NOTE — the readable nkilib/core/moe/moe_cte package is the kernel-library convenience entry, not the production caller. Neuronx-Distributed (NxD) and the HLO→NKI lowerer (LowerToNKIKernelCC) reach the production MoE-blockwise path through the compiled neuronxcc.nki._private_kernels.blockwise_mm extension module — a .so, not this Python. No caller of moe_cte( or MoECTESpec exists anywhere in the extracted neuronx-cc tree; NxD imports the leaf kernels directly. This page documents the algorithm as it reads in the shipped library source (provenance: D-O01–D-O05).
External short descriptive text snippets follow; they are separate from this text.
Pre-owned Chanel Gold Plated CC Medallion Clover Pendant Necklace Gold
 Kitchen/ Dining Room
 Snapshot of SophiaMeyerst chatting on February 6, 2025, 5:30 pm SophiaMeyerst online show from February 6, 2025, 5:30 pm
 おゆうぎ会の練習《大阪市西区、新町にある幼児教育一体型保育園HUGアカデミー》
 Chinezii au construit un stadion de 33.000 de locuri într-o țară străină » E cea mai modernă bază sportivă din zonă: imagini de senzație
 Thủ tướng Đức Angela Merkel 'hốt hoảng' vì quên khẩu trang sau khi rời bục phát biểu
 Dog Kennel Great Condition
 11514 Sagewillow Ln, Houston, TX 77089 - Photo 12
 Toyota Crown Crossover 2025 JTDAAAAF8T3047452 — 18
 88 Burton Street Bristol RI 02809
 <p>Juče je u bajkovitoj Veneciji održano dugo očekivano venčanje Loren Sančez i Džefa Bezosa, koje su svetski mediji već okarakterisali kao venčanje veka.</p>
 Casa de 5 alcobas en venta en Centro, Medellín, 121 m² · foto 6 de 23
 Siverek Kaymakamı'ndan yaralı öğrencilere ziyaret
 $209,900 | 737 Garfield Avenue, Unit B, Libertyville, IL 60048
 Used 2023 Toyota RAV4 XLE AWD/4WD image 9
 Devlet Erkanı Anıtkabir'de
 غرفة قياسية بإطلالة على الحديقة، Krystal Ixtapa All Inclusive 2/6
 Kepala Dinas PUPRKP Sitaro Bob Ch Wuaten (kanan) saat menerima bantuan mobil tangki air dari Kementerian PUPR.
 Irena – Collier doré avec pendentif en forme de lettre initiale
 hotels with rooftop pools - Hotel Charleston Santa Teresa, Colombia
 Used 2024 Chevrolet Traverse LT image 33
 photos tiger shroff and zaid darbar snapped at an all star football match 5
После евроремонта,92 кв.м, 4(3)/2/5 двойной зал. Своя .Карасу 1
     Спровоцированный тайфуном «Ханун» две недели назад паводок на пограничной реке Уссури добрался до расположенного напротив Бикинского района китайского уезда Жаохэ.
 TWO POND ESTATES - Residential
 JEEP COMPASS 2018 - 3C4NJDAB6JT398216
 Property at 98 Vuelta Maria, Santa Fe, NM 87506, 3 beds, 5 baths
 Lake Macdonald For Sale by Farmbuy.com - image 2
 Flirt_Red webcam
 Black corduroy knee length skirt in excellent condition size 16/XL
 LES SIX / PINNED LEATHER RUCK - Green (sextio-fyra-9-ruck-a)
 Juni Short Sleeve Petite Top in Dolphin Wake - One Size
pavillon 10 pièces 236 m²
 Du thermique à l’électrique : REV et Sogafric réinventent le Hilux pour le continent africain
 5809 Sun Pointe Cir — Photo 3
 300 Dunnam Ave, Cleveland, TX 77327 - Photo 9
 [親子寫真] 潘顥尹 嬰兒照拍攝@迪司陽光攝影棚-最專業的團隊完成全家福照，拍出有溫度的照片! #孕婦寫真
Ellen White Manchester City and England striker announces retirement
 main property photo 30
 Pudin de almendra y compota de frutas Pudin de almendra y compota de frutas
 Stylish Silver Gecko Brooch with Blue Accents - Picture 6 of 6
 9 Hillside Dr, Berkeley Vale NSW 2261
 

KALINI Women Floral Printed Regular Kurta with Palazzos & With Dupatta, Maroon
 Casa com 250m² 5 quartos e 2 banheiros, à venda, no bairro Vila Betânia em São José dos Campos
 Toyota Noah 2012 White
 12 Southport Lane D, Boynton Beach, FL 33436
For reimplementation, the contract is:

  • The MoECTESpec / MoECTEImplementation dispatch: the 7-member enum, the two sub-config dataclasses, __post_init__ default-filling, the if/elif-chain dispatch body, and the five live vs. two dead targets.
  • The block-sharded blockwise algorithm (bwmm_shard_on_block): the PING_PONG even/odd block→core map, the BLOCK_PARALLEL_FACTOR=3 phase-split "double-buffering", the per-block 3-matmul FFN, and the two-plane epilogue reduce for TopK>1.
  • The I-sharded algorithm (bwmm_shard_on_I): why splitting the intermediate I (contraction) dimension forces a mandatory per-block cross-core reduce (sendrecv + tensor_tensor(add)), the output-B-tile co-sharding "layout twist", the real static+dynamic-while hybrid, and the "dropping" layout (N == E, no in-kernel drop logic).
  • The MX numeric scheme (both _mx kernels): x4-packed FP4/FP8 weights view-cast from int alternates, E8M0 per-32-element block scales consumed inside nc_matmul_mx, online quantize_mx of activations to FP8, and the quadrant-hole indirect-DGE scale gather.
Packagenkilib/core/moe/moe_cte/
Dispatch entrymoe_cte()moe_cte.py:252 (@nki.jit(mode="trace"))
Spec / enumMoECTESpec :181, MoECTEImplementation :35 (7 members, 0–6)
Live dispatch targetsenums 0–4 (shard_on_block, shard_on_i, shard_on_i_hybrid, shard_on_i_dropping, shard_on_block_mx)
Dead enum membersenum 5 shard_on_i_mx, enum 6 shard_on_i_mx_hybrid — declared, leaves exist, never wired
Variant leavesbwmm_shard_on_block.py:72, bwmm_shard_on_I.py:87/327/2014, bwmm_shard_on_block_mx.py:71, bwmm_shard_on_I_mx.py:96/401
Shard axis2 NeuronCores (LNC); shard_id = nl.program_id(axis=0) ∈ {0,1}
HW targetsenums 0–3 → TRN2 (bf16/fp8); enums 4–6 → TRN3/CoreV4 (MX)
HW constantsTILE_SIZE=128, PSUM_SIZE=512, N_PSUM_BANKS=8, SB_QUADRANT_SIZE=32 (moe_cte_utils.py:57-62)

The Dispatch

Purpose

moe_cte() is the single public entry. It accepts the full MoE tensor set plus a MoECTESpec, unpacks the (separately-passed) quantization scales, and forwards to exactly one variant leaf chosen by spec.implementation. It is a trace-mode NKI kernel (@nki.jit(mode="trace"), moe_cte.py:252) — it emits an HLO/NKI trace rather than executing eagerly, consistent with the prefill/context-encoding role.

The Spec and Its Enum

The spec is a small composition dataclass (moe_cte.py:181): a required implementation plus two optional sub-config objects, of which exactly one is relevant per variant.

@dataclass
class MoECTESpec(nl.NKIObject):                  // moe_cte.py:181
    implementation : MoECTEImplementation        // REQUIRED, no default
    shard_on_block : Optional[ShardOnBlockConfig] = None  // block family (enums 0,4)
    shard_on_I     : Optional[ShardOnIConfig]     = None  // I family (enums 1,2,3)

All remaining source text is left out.